Originally Posted (on CARM) by MikeWC View Post
This is a long post. The final paragraph is a summary of the argument, if you wish to just straight to it.

The Euthyphro dilemma can be briefly stated this way: either morality comes entirely from God, in which case it is changeable according to his will, or it comes from outside God, in which case God is unnecessary.

Actually I think he stated it wrong. I don't think the second horn of the dilemma is that if it comes from out of God morality is "unnecessary," but that God is not supreme. One thing that's going to figure big in my answer is this fact: The Euthyphro dilemma was applicable to the Greek gods only becuase they were not God in the sense that the Bible God is God, nor were they God in the sense that the God of Aquinas or Anslem is God or. Greek gods were contingent beings, they were not eternal, they were products of prior beings. God in the Christian sense is the eternal necessary aspect of all being. Thus That God is necessary and not contingent, and is not the produce of prior condition.

That makes a big difference because it is only the contingency of the Greek gods that gives them their relative nature and thus enables the Fates to outrank them in terms of power. That's where the entire dilemma stems from, that Zeus was subject to the fates. The God of Abraham, of Issac and of Jacob is not subject to any fates. The God of Christianity freed humanity from the cruelty of fate, and still frees us form determinism. This is so becuase the eternal necessary aspect of all being, is bigger than any deterministic aspect of being, which is only a contingency HE created in the first place.

Mike WC says:
There is an increasingly popular refutation of the old Euthyphro dilemma among apologists.
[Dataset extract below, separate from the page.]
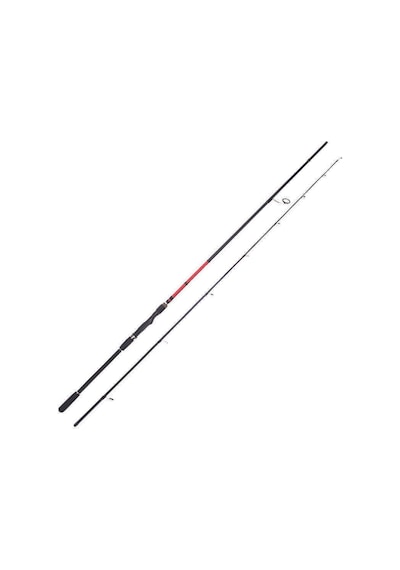 Spin Power 2261 270 Cm Spin Olta Kamışı 10-40 G Atarlı Balıkmarketim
It is an attempt to split the horns of the dilemma by creating a third alternative. The alternative is to identity the Good wholly with God's nature: being Good is one of God's essential attributes.

Without meaning to boast I think I really do I am the person who started that answer. I don't remember ever seeing it on the net before I gave it. Once I argued it a few times on prominent atheist boards people began to talk about it. In any case, "being good" is not a mere attribute of God as though it's on a par with being short or tall, fat or thin, it's based upon the nature of God. That is certainly no exaggeration; in the Christian tradition God is the basis of the good which stems from God's nature as love. St. Augustine said love is the background of the moral universe, and by that meant that God, as truth itself, as being itself is the basis upon which the good has meaning. Augustine put the forms in the mind of God, so anything like "the good" that under Plato would be a product of the forums would be a product of the Mind of God.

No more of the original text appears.